Surmont uses brackish (salty) water from deep wells to generate steam. The water is heated to 200C, and piped to the injector wells (see diagram above). The steam escapes from holes in the injector wells and heats the area around the injector well. The bitumen melts, and the melted bitumen and water from the steam drip down and are collected in the producer wells, found below the injector wells.

Surmont estimates that it collects 60% of the bitumen in place using this process. The steam doesn't actually get everywhere--in the locations it does go, Surmont estimates it extracts 92% to 94% of the bitumen in place. In this process, the vast majority of sand and other materials are left in place, so there is much less material to process, and no need to worry about major land reclamation later.

Surmont recycles its water, so that 90% of the water it uses is recycled. The amount of additional brackish water that needs to be added averages 0.25 barrels per barrel of bitumen--much less than required for mining approaches. Since it uses brackish water, none of this water comes from the Athabasca River.

Before Surmont began producing bitumen in 2007, it drilled delineation wells to determine the extent of the resource and to lay out plans for where extraction would be performed. In drilling the delineation wells, it was necessary to cut down some trees. We were told that Surmont is now in the process of reforesting areas where delineation wells were drilled, under its faster forests program.

The bitumen that is produced at Surmont is too stiff to transport by pipeline, once it cools from initial extraction. To overcome this difficulty, Surmont buys SCO (perhaps made at Syncrude) and blends it 50% - 50% with bitumen to produce the petroleum product it sells--Western Canadian Select Blend.

I was told that the energy return of this process is also 6:1. Upon inquiring further, I found that this energy return is only based on the amount of natural gas the process uses--one cubic meter of natural gas to one cubic meter of bitumen. If other fuels were included, the energy return would no doubt be lower. Also, this energy return only relates to making bitumen to blend with SCO, so would seem to be less than the mining energy return.
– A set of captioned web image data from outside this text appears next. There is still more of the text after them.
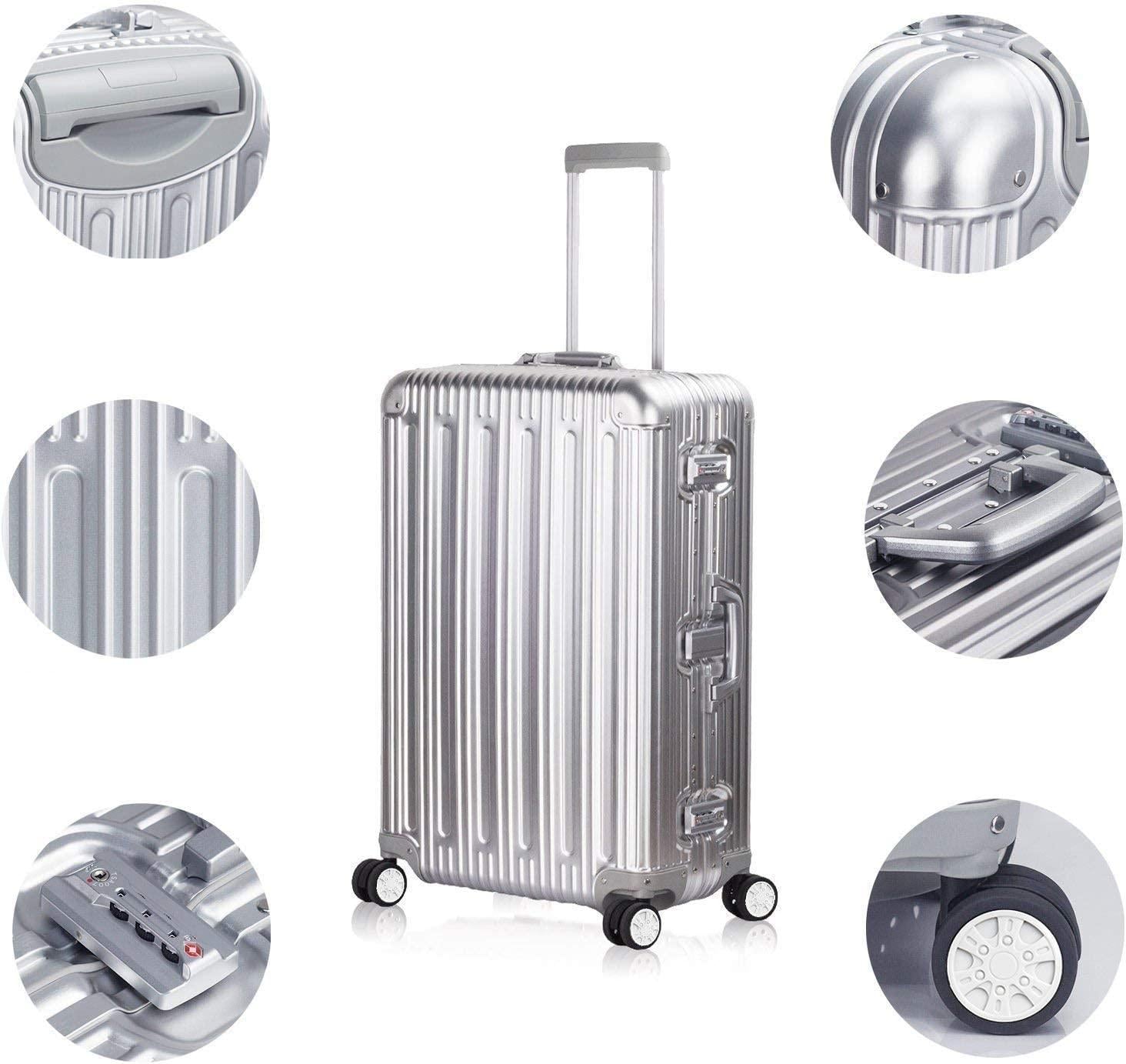 All Aluminum Suitcase Hard Shell Luggage Case Carry On Spinner Matel Suitcase (Silver, 24 Inch)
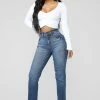 Fashion Nova Burning Love High Rise Mom Jeans - Medium Blue Wash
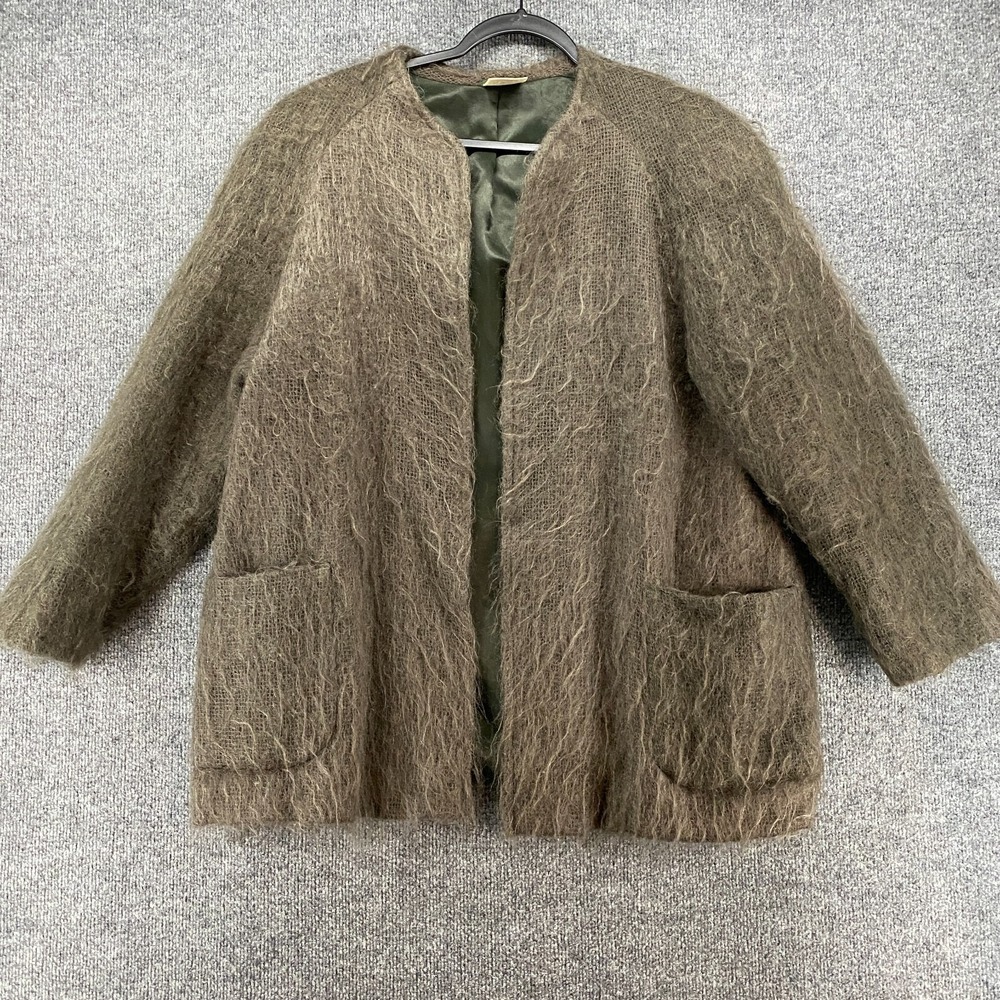 Vintage Alexon Jacket Womens M Mohair Fuzzy Open Front Old Money Quiet‎ Luxury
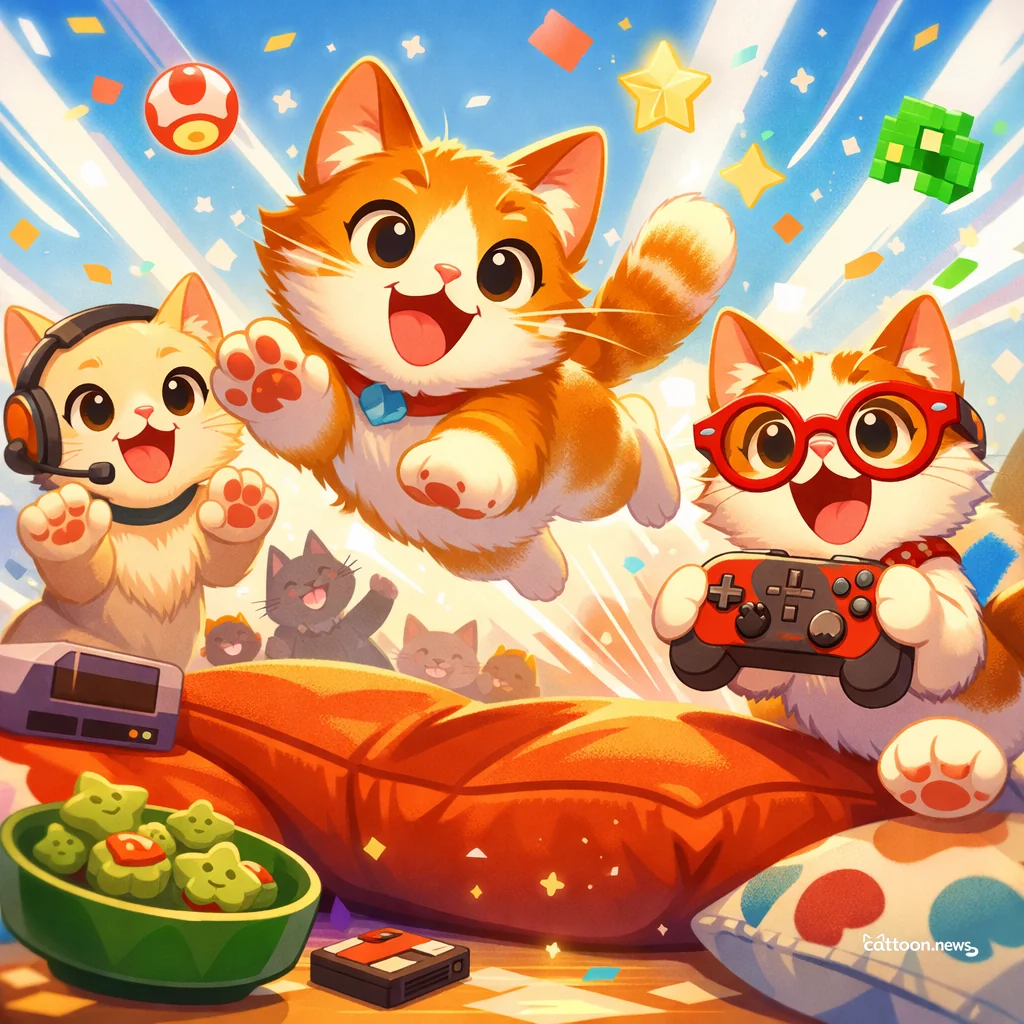 Humans Pounce for Nintendo Direct—Whiskers Tingle with Excitement! - Cheerful Cat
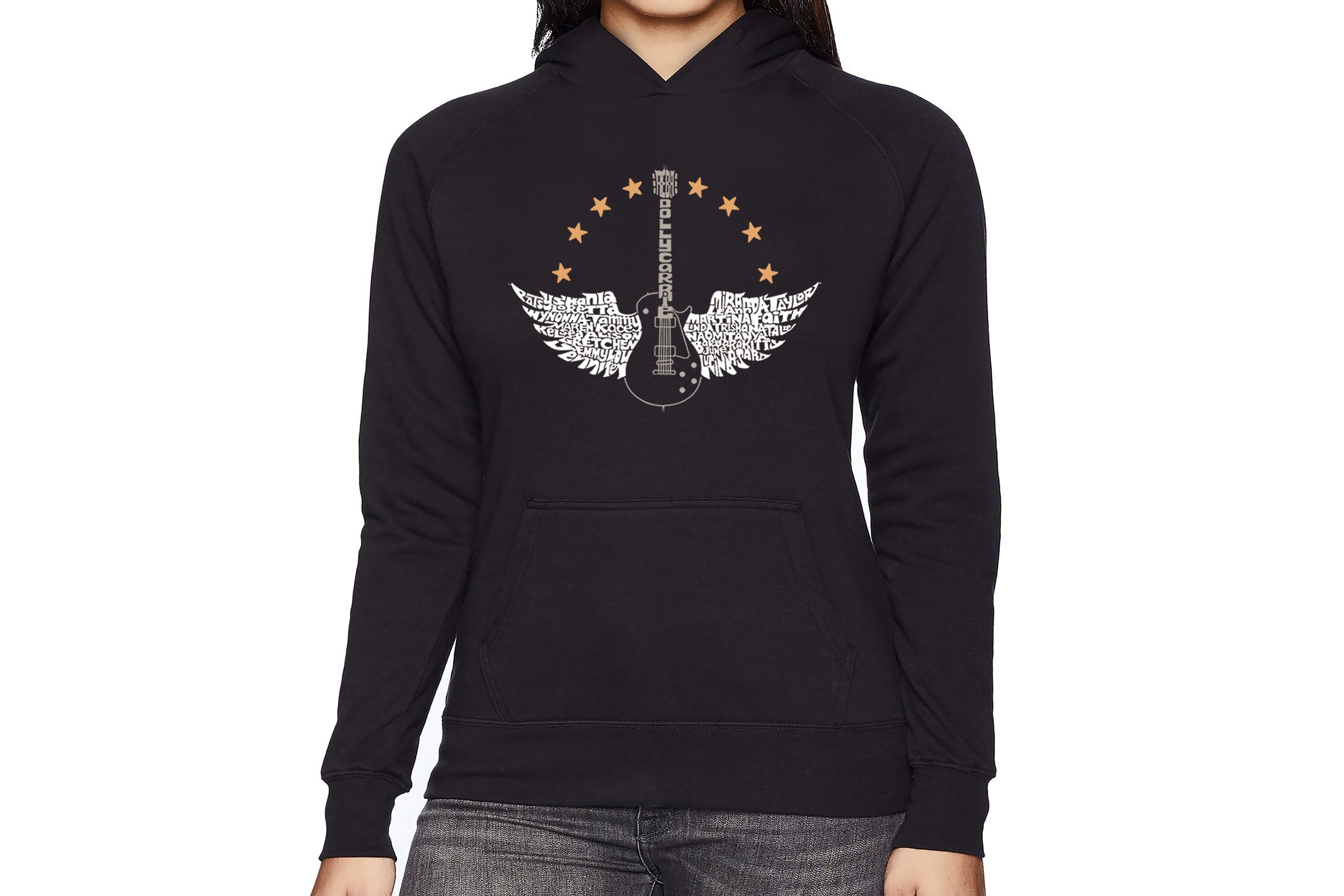 Country Female Singers - Womens Word Art Hooded Sweatshirt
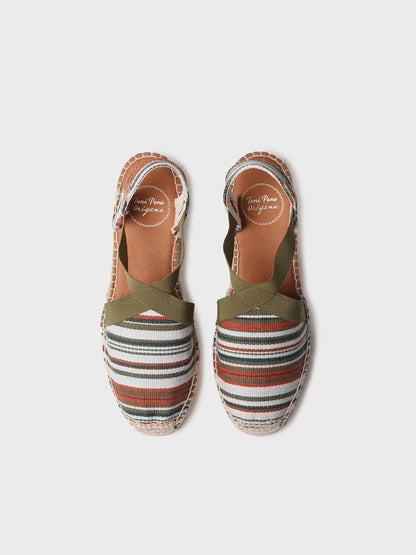 Espadrilles compensées vegan pour femme en coton rayé 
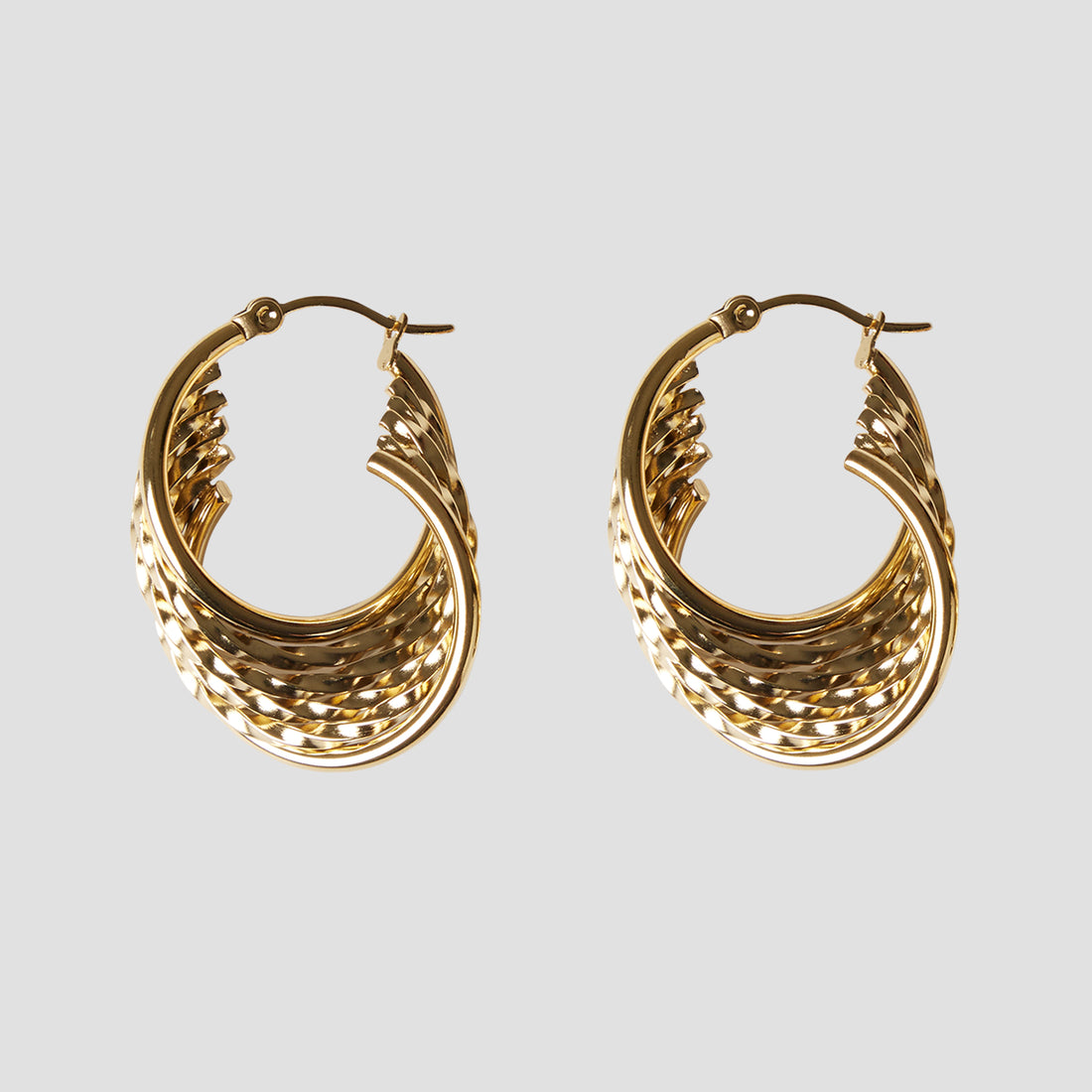Irregular Twist 18k Gold Oval Earrings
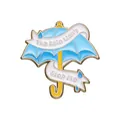 Kreative Emaille-Brosche in Regenschirmform mit dem Spruch "The Rain Won't Stop Me" - Regenschirm Brosche (QHXZ037)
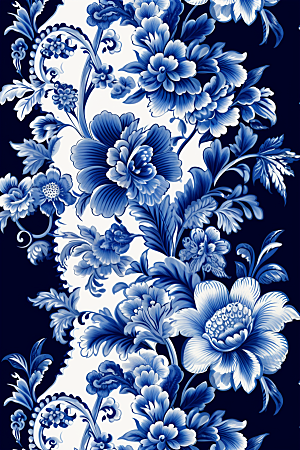 青花瓷纹样中式艺术底纹
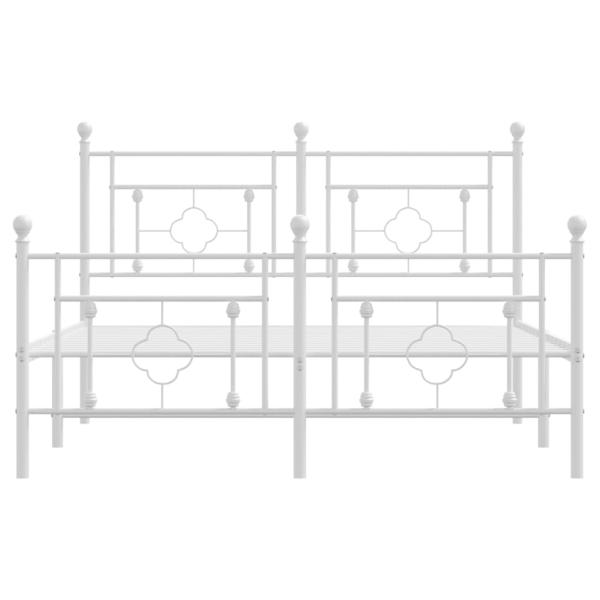 Bettgestell mit Kopf- und Fußteil Metall Weiß 135x190 cm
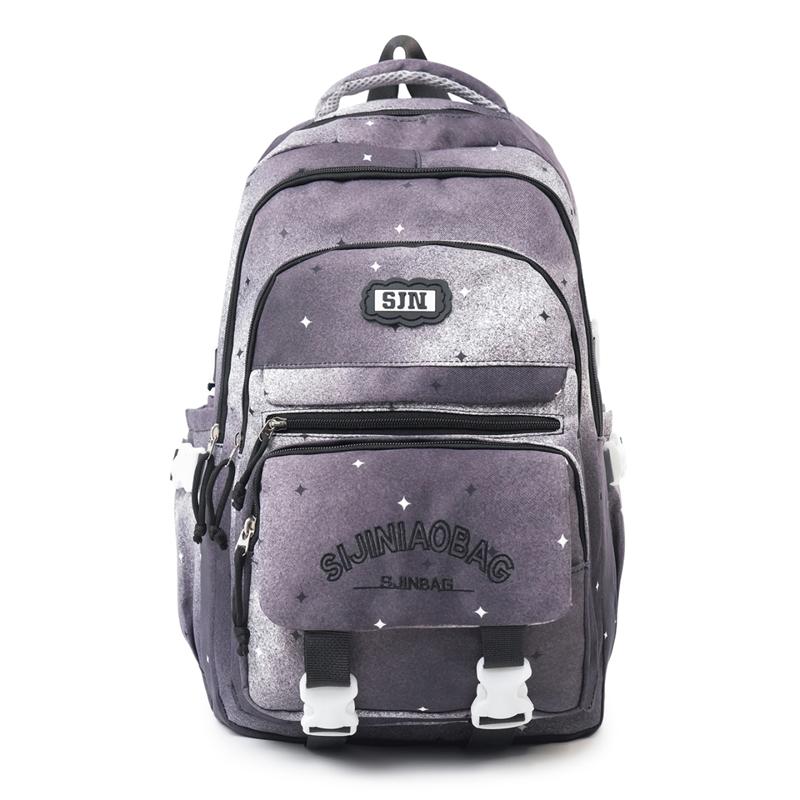 Color Block Women's Backpack Student Schoolbag Large Capacity Star Print Backpack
It is clear to me that there are a lot of indirect energy costs that would be hard to count in any calculation. For example, Surmont is located an hour's drive south of Ft. McMurray, away from any town. All water for drinking is bottled water that is shipped in.

I was told that some of the other in situ sites are "fly in" sites, where the only access is helicopters. All of the pieces of buildings, pipelines, and processing equipment must be flown in to these sites. Housing and food service is provided at these remote locations, in the same way it would be on a floating oil platform.

More in Part 2 later.

Note: Oil sands vs Tar sands. The province of Alberta and CAPP prefer oil sands, so that is the terminology I have used. Oil sands is also far more commonly used, according to Google.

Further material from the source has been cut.